Alaya Dawn Johnson’s The Summer Prince is a YA post-apocalyptic dystopia. It’s set in a Brazilian city called Palmares Tres. Palmares Tres is one of the few cities you’d actually want to live in after a nuclear war left much of the world uninhabitable. This fictional city was named after the real 17th century city of Palmares, which was founded by runaway slaves and eventually destroyed by the Brazilian government.
Current societal issues like homophobia and sexism are non-issues in Johnson’s Palmares Tres. Moreover, the ruling “Auntie” class forces genetic “mods” on its populace so everyone looks fairly similar. This, in theory, put an end to racism. Interestingly, Palmarinas also have a kind of reverse-ageism that privileges people over 35. Palmares Tres’ government is a matriarchal, elective monarchy with a bad habit of sacrificing their so-called Summer Kings to the ancestors, and herein lies the plot.

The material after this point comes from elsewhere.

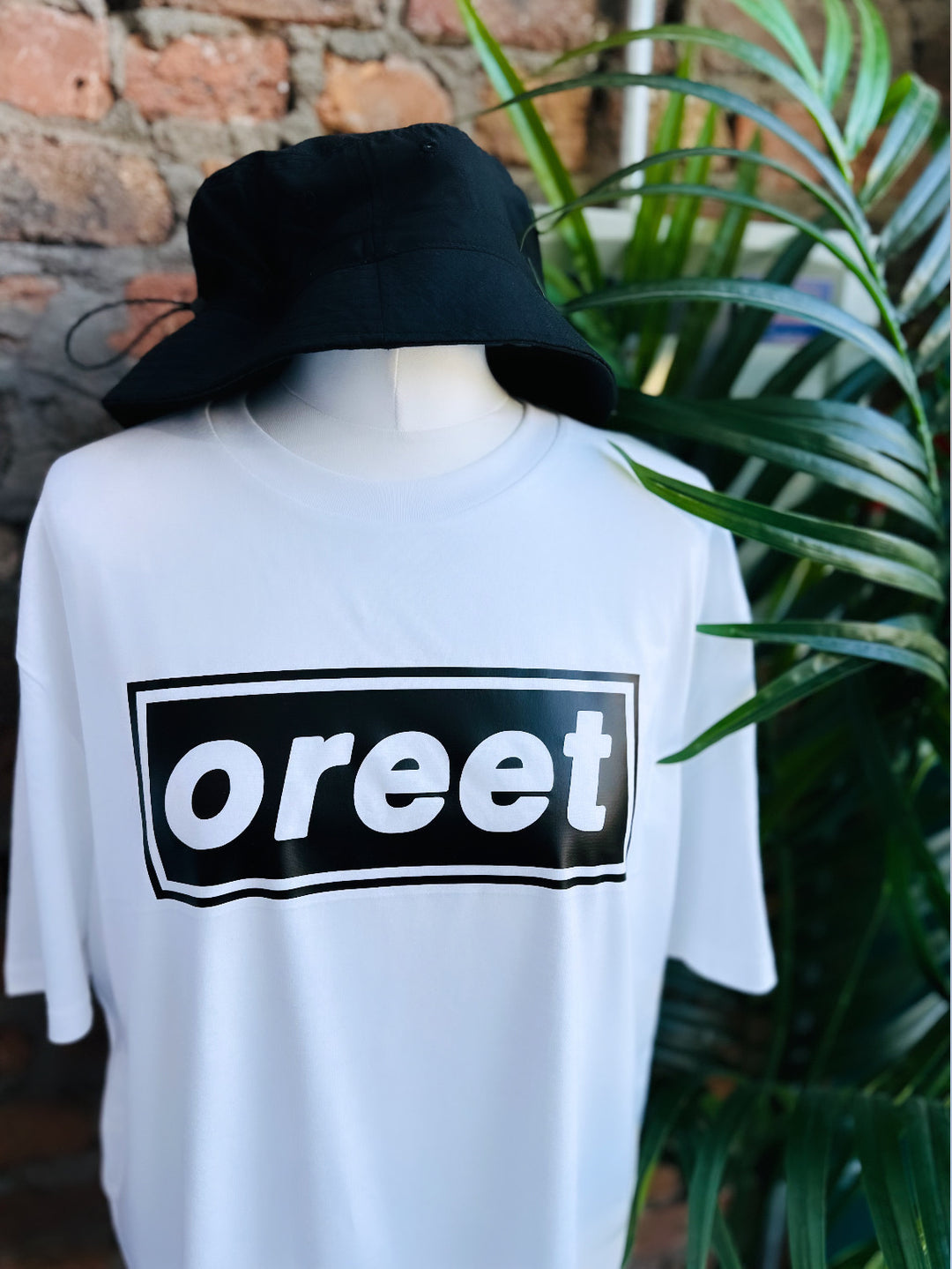 Oreet Tee - Black or White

What this thing is about exactly:
June, our protagonist, is obsessed with the current Summer King, the enigmatic Enki. They team up to create art installations that wake the ruling “Auntie” class up to the issues of the day. Because Palmares Tres does have issues—how else would it earn the moniker “dystopia?” The city has sharp class divides. Palmarinas seem to have little to no interest in helping the impoverished communities surrounding their city. And, most pertinent to June, the Aunties strictly regulate which new technologies are allowed in. (It’s also really invasive to genetically “mod” your populace, but The Summer Prince doesn’t dwell on that so neither will I.)
The Summer Prince and real-life problems
In short, Palmares Tres has problems, but they’re mostly the same kind of problems we have in real life. The UN is investigating poverty in the U.S., it’s so dire. Not to mention we’re turning away far more refugees than we have in the past, and the FCC might get rid of net neutrality. This timeliness is especially striking when The Summer Prince is compared with other big YA dystopias like Suzanne Collins’ The Hunger Games. (You knew I was going there, right?)
The Panem-shaped elephant in the room
The Hunger Games kind of has something to say about poverty and classism. But Panem is so extreme it feels removed from the contemporary world. By contrast, day to day life in Palmares Tres isn’t bad at all. Our protagonist spends her days going to school, creating graffiti, and being rude to her stepmother. June and her friend Gil hang out and never worry about being forced to kill each other. June has enough leisure time to put Christmas lights in her skin for fun.
Moreover, Johnson consistently describes Palmares Tres as beautiful, inviting, and green. Heck, even the slums have a certain beauty. By comparison, Suzanne Collins consistently describes Katniss’ home, District 12, as bleak, lifeless, and gray. Honestly, I was a little hesitant to call The Summer Prince a dystopia. Palmares Tres seems so nice, mostly! But therein lies the rub, I’d say. Even the reader is seduced into thinking that Palmares Tres is worth the sacrifice.
A realistic dystopia? Say it ain’t so!
Johnson crafted a setting that is completely fine if you can ignore the same things we ignore. If you can ignore the slums, the refugees, the regular public murder. By writing this kind of setting, Johnson created something that Suzanne Collins didn’t: a believable dystopia. Sure, the idea of a futuristic society with human sacrifice is a stretch. But the concept of a hunger games was a stretch too. And I’d argue the Summer King tradition isn’t too different from how we look the other way while black men and boys are shot for seeming “suspicious.”
Negativity ahead:
The Summer Prince is not a perfect book by any means. I didn’t much like the pacing or the world-building. I really wish one of the central themes had been introduced earlier. The text never reconciles June’s disdain for authority with her desire for adult approval, either. Most importantly, Alaya Dawn Johnson has been criticized for cultural appropriation. I’m not qualified to say how valid these critiques are. But Johnson is American, and though she’s visited Brazil, I’m willing to believe she got some things wrong.
Still…
Despite its flaws, I’d say The Summer Prince is worth the read. It’s one of the most impacting dystopias I’ve read, and it does this by being subtle. It’s hard to see how a western society could turn into The Hunger Games. It’s easy to see how a western society could turn into Palmares Tres. Some of them are already halfway there.